NTV’de yer alan habere göre, 1959 yılında 9 kişiden oluşan bir ekibin Ural Dağları’nda cesetlerinin açıklanamaz bir şekilde bulunması, uzun zamandır komplo teorilerine neden oluyor. Ancak İsviçreli bilim insanları bu olaya bir açıklık getirdi.Literatüre Dyatlov Geçidi vakası olarak geçen bu olay ile ilgili kar canavarından uzaylılara ve gizli askeri deneylere, çok sayıda komplo teorisi ortaya atıldı. Swiss Federal Institute of Technology’de (EPFL) görev alan bilim insanlarına göre, ölümlerin nedeni nadir görülen bir tabaka çığı olarak gösterildi.
Kar sürtünmesi ve yerel topoğrafya verilerini mercek altına alan ekip küçük bir tabaka çığının hafif bir eğimde, arkasında çok az iz bırakarak gerçekleşebileceğini kanıtladı.Ekibe göre, bu kanıt o gece hiç kar yağışı yokken bir çığın gecenin ortasında nasıl tetiklenebileceğini gözler önüne seriyor.
Zira bilgisayar simülasyonları ile bu doğa olayının dağcılarda gözlemlenenlere benzer yaralanmalara yol açabileceği kanıtlandı.
Kendi izlerini kapatmayı başarabilen bir çığ, gece yarısı 9 kişinin ölümüne sebep oldu.
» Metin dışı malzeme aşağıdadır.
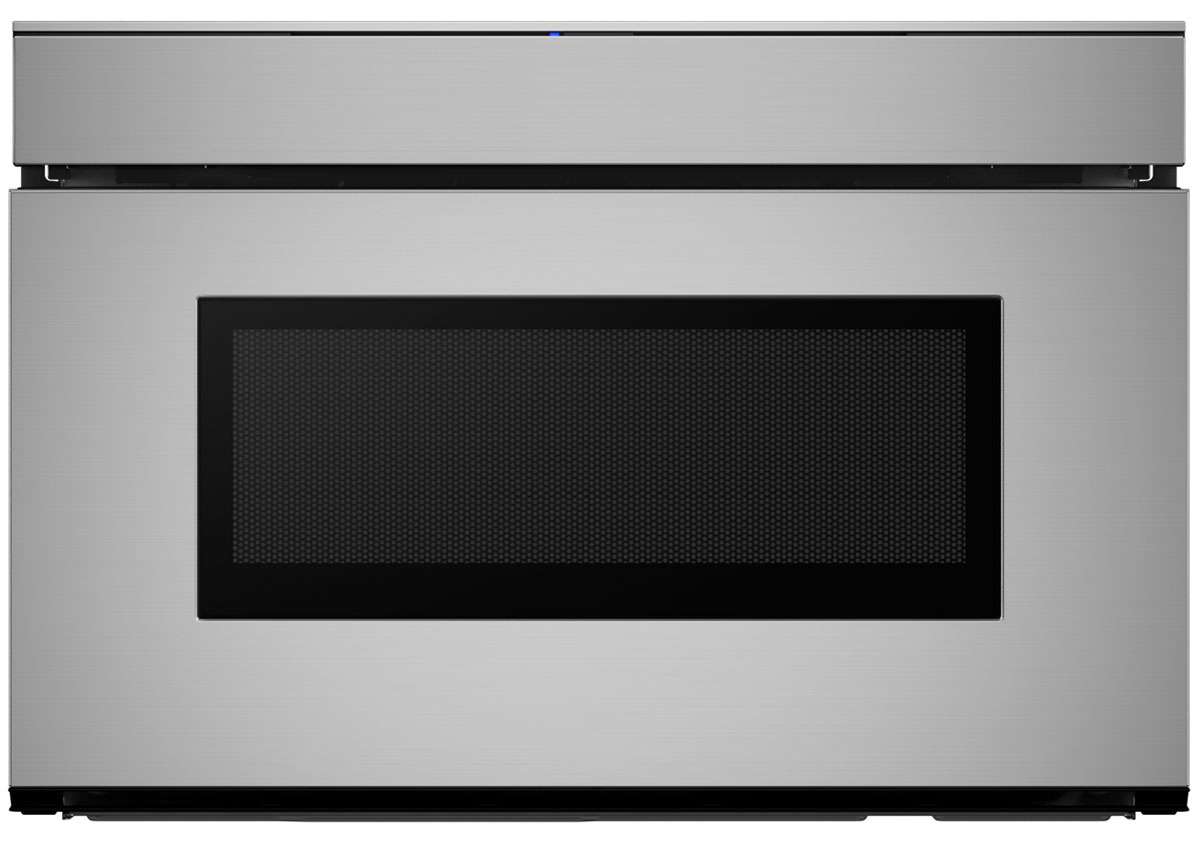 Front view of Sharp Microwave Drawer in Stainless Steel.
Sovyetler Birliği’nde Ural Politeknik Enstitüsü’nden 10 kişilik bir ekip, Ural Dağları’nın kuzeyinde, son derece zorlu hava koşulları ile bilinen bir bölgeye keşif amaçlı bir gezi düzenlemişti. Gruptan birisi, keşif başlamadan önce ayağında çıkan bir rahatsızlık sebebiyle evine geri dönmek zorunda kalmıştı ve bu duruma her ne kadar üzülse de o ekipten sağ çıkacak tek kişi olacağından henüz habersizdi. Ekipte yer alan herkes 20 – 25 kişiden oluşuyordu ve gençlerin aileleri de bu tür gezilere alışkın olduğu için ilk haber alamadıklarında endişelenmediler. Ancak saatler geçtikten sonra aile enstitüye yardım çağrısında bulundu ve gönüllü öğrencilerden oluşan bir ekip aramaya koyuldu.
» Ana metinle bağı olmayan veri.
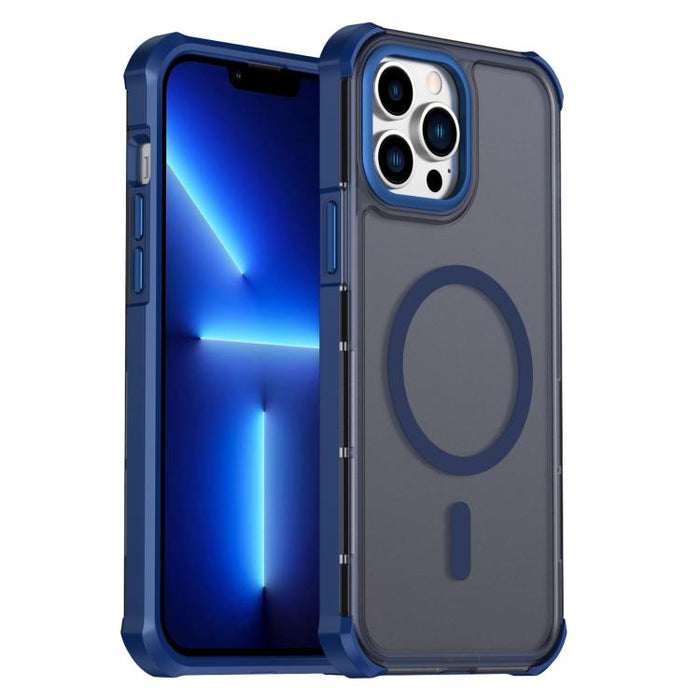 Funda para teléfono magnética semitransparente con acabado mate y protección antichoque en las cuatro esquinas, con tacto suave al tacto., For iPhone 17e / 16e, For iPhone 17 Pro Max, For iPhone 17 Pro, For iPhone 17, For iPhone Air, For iPhone 16 Pro ...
Gönüllü öğrenciler, kampı bulduktan sonra tabiri caizse dehşete düşüyor. Bıçakla içeriden açılmış çadırlar, henüz yenmemiş yemekler ve en garibi korkunç bir şekilde ölmüş cesetlerle karşılaşıyorlar. Cesetlerin bazıları yarı çıplak bir şekilde kaçmaya çalışmış, yüzünde dehşet verici bir ifadeyle can verenler olmuştu. Birçok cesette kırıklar tespit ediliyor, ancak gençlerin bir şeye karşı savaştığı ya da mücadele verdiğine dair bir iz bulunmuyor. Yapılan ilk aramada sadece 4 ceset bulundu, aylar sonra diğer 4 cesedin bulunması olayın daha da gizemli bir hal almasına yol açtı. Cesetlerden birinin boynu ters döndürülmüş, diğerinin dili kopmuş ve ikisinin de gözleri oyulmuştu.
Kamptan kaldırılarak inceleme altına alınan cesetlerin saçlarının ve yüzlerinin bazı bölgelerinde turunculaşma görülüyor. İnceleme altına alındıktan sonra gençlerin sadece güçlü bir şeye karşı değil, aynı zamanda radyasyona da maruz kaldığı ortaya çıkıyor. 60 yıldır hiç kimse, o gece o kampta neler olduğuna dair bir açıklama getiremiyor.